Virtualisierungssoftware VMware Fusion 11 erhält Unterstützung für neue Windows-Builds

23. Nov. 2018 13:00 Uhr - Redaktion

VMware hat ein zweites Update für die im Herbst eingeführte Virtualisierungssoftware Fusion 11 vorgelegt. Die Version 11.0.2 ergänzt Unterstützung für Build 1809 von Windows 10, für Build 1809 von Windows Server und für Windows Server 2019.

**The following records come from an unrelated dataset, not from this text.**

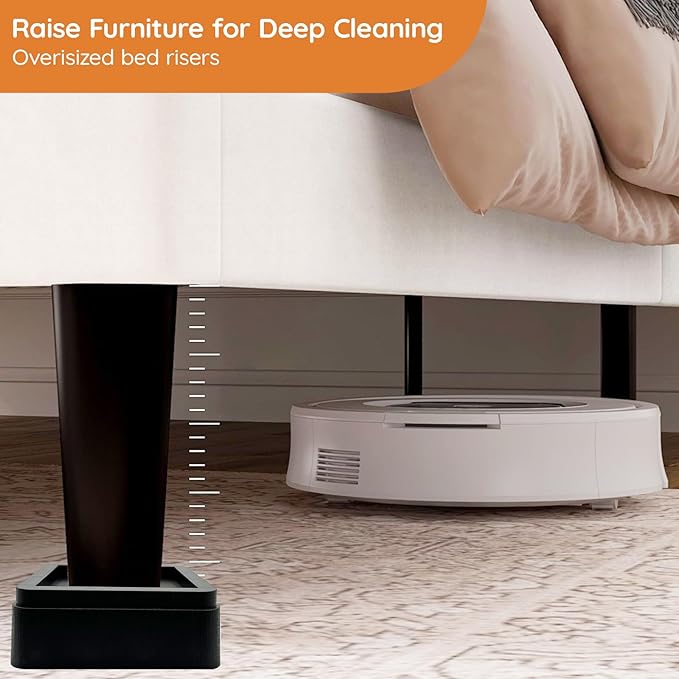 Bed Risers, Oversized Furniture Risers Fit Up to 5.5" Legs, 2 inch Raise Blocks for Bed Couch Desk Sofa Table Lifts, Furniture Legs Lifters Support up to 6000 Lbs (Black, 4 Pack Set)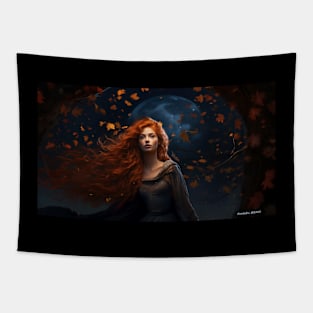 Druid Girl in a fall full moon Tapestry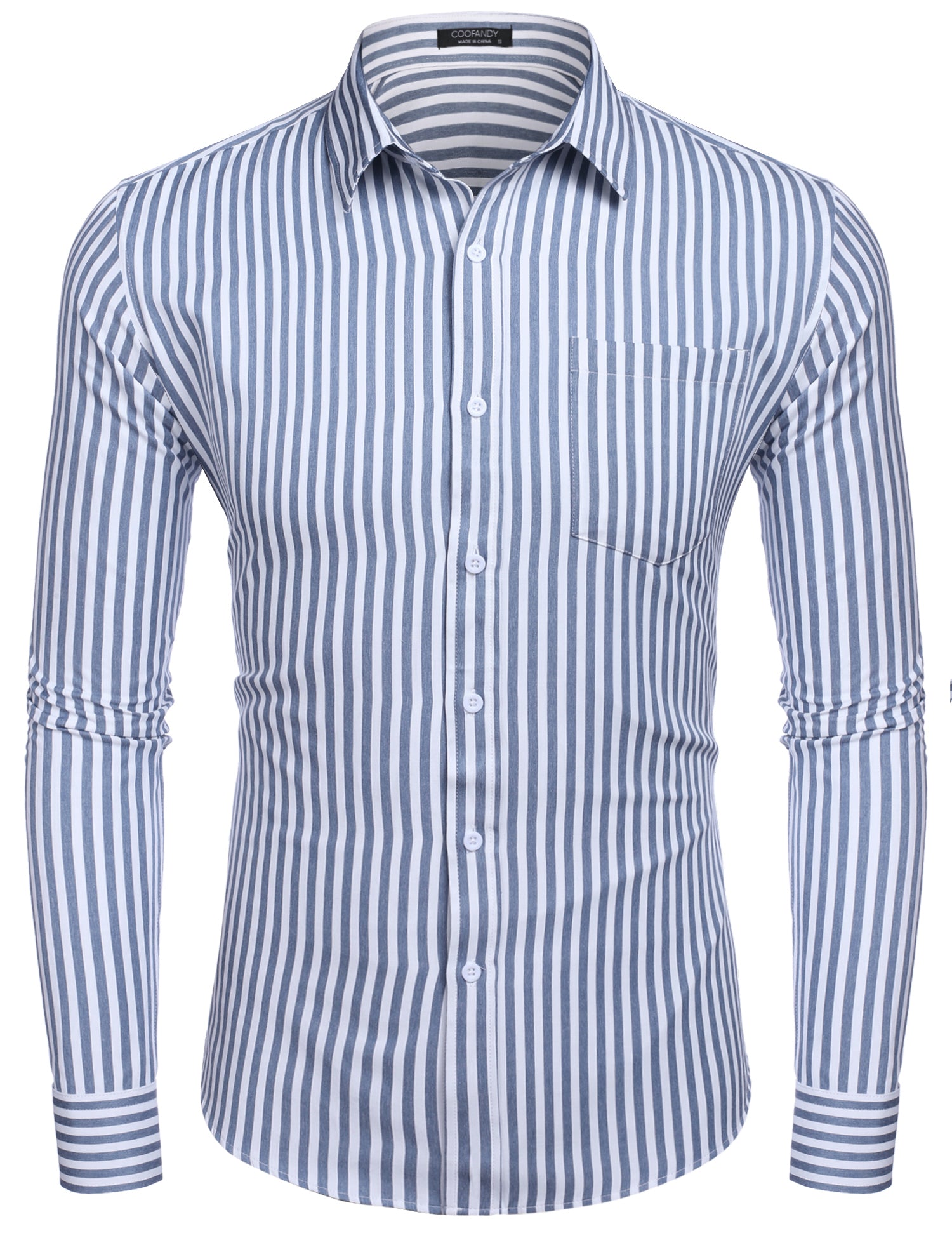 COOFANDY Men's Casual Button Down Shirt Long Sleeve Linen Chambray Shirt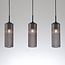 Suspension rétro noire avec verre fumé nervuré, 3 lumières - Giove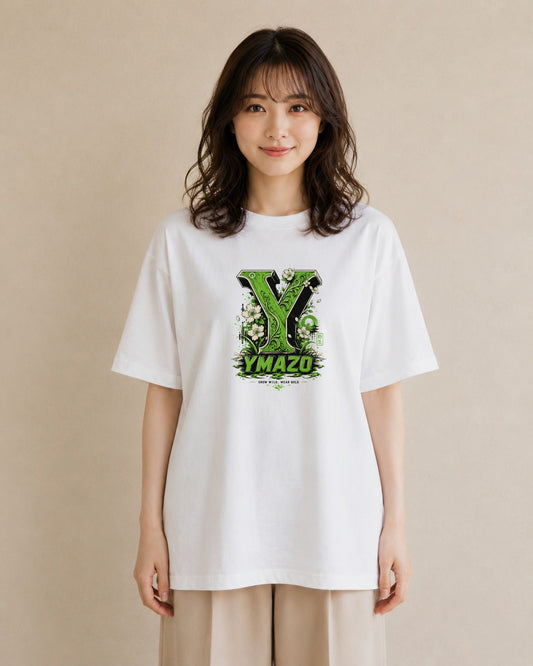 【受注生産】YMAZO Tシャツ レディース 半袖 オーバーサイズ いちご イチゴ 苺 ストロベリー フルーツ 白T 綿100% ホワイト M L 韓国っぽい フェミニン くすみカラー カジュアル デイリー ギフト｜Y字ロゴ（大きめプリント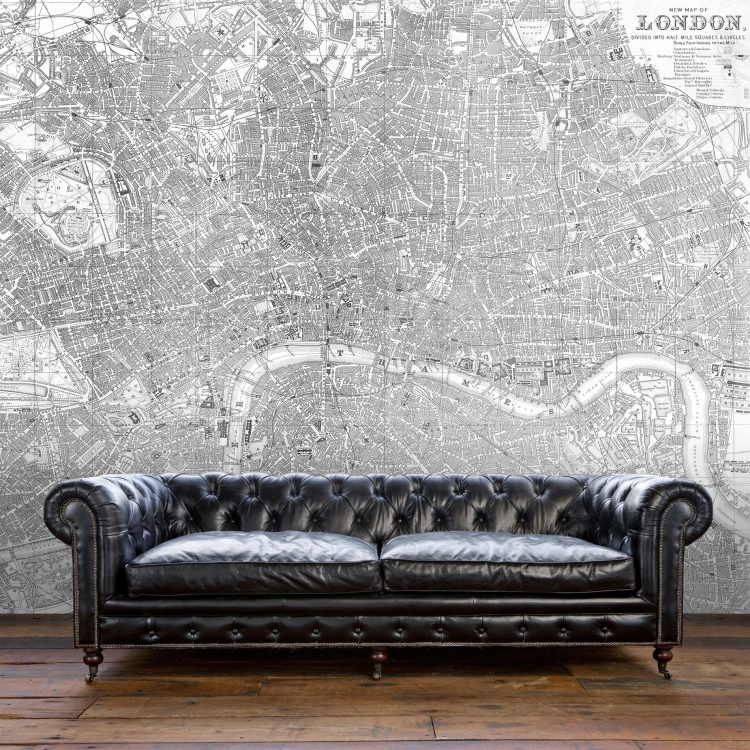 Bacons London Map Wallpaper – Grey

Außerdem wurden verschiedene Fehler behoben (darunter eine Absturzursache) und eine als kritisch eingestufte Sicherheitslücke geschlossen, die unter Umständen das Ausführen von Schadcode auf dem Hostsystem erlaubte. Nutzer von Fusion 11 können sich das Update über die integrierte Aktualisierungsfunktion herunterladen.

 
VMware Fusion 11
 
Das neue Systemmenü von Fusion 11.
Bild: VMware.

 

Fusion 11 kostet 88,95 Euro (Dauerlizenz), das Upgrade von Fusion 8.x oder einer neueren Version schlägt mit 54,95 Euro zu Buche. Die leistungsstärkere Ausführung Fusion 11 Pro ist für 176,95 Euro zu haben (Upgrade: 131,95 Euro). Wer Fusion 10 (Pro) ab dem 21. August 2018 erworben hat, erhält die neue Version kostenlos.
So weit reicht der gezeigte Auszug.